▸ EXERCISE INSTRUCTIONS: Write the data below out again in full, exactly as shown.
BEGIN RECORDS FOR THE EXERCISE
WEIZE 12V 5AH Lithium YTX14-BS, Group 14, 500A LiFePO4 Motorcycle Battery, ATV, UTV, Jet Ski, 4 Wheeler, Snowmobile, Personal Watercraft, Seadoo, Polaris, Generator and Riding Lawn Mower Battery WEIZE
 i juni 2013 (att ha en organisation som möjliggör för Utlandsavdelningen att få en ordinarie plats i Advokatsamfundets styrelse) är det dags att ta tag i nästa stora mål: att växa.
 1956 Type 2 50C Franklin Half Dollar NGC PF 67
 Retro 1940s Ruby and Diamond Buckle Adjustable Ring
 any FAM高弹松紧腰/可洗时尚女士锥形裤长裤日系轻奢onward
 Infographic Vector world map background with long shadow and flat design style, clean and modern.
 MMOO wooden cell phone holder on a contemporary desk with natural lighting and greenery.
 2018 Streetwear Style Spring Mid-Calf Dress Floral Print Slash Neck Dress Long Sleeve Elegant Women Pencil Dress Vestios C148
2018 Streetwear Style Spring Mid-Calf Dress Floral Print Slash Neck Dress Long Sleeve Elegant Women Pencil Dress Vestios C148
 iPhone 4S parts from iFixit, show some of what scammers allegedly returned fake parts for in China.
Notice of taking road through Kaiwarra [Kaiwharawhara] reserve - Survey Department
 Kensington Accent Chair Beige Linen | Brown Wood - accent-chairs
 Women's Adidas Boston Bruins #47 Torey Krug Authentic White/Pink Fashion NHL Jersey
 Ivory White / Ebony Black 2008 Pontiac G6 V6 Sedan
END RECORDS FOR THE EXERCISE
▸ TASK RESPONSE:
WEIZE 12V 5AH Lithium YTX14-BS, Group 14, 500A LiFePO4 Motorcycle Battery, ATV, UTV, Jet Ski, 4 Wheeler, Snowmobile, Personal Watercraft, Seadoo, Polaris, Generator and Riding Lawn Mower Battery WEIZE
 i juni 2013 (att ha en organisation som möjliggör för Utlandsavdelningen att få en ordinarie plats i Advokatsamfundets styrelse) är det dags att ta tag i nästa stora mål: att växa.
 1956 Type 2 50C Franklin Half Dollar NGC PF 67
 Retro 1940s Ruby and Diamond Buckle Adjustable Ring
 any FAM高弹松紧腰/可洗时尚女士锥形裤长裤日系轻奢onward
 Infographic Vector world map background with long shadow and flat design style, clean and modern.
 MMOO wooden cell phone holder on a contemporary desk with natural lighting and greenery.
 2018 Streetwear Style Spring Mid-Calf Dress Floral Print Slash Neck Dress Long Sleeve Elegant Women Pencil Dress Vestios C148
2018 Streetwear Style Spring Mid-Calf Dress Floral Print Slash Neck Dress Long Sleeve Elegant Women Pencil Dress Vestios C148
 iPhone 4S parts from iFixit, show some of what scammers allegedly returned fake parts for in China.
Notice of taking road through Kaiwarra [Kaiwharawhara] reserve - Survey Department
 Kensington Accent Chair Beige Linen | Brown Wood - accent-chairs
 Women's Adidas Boston Bruins #47 Torey Krug Authentic White/Pink Fashion NHL Jersey
 Ivory White / Ebony Black 2008 Pontiac G6 V6 Sedan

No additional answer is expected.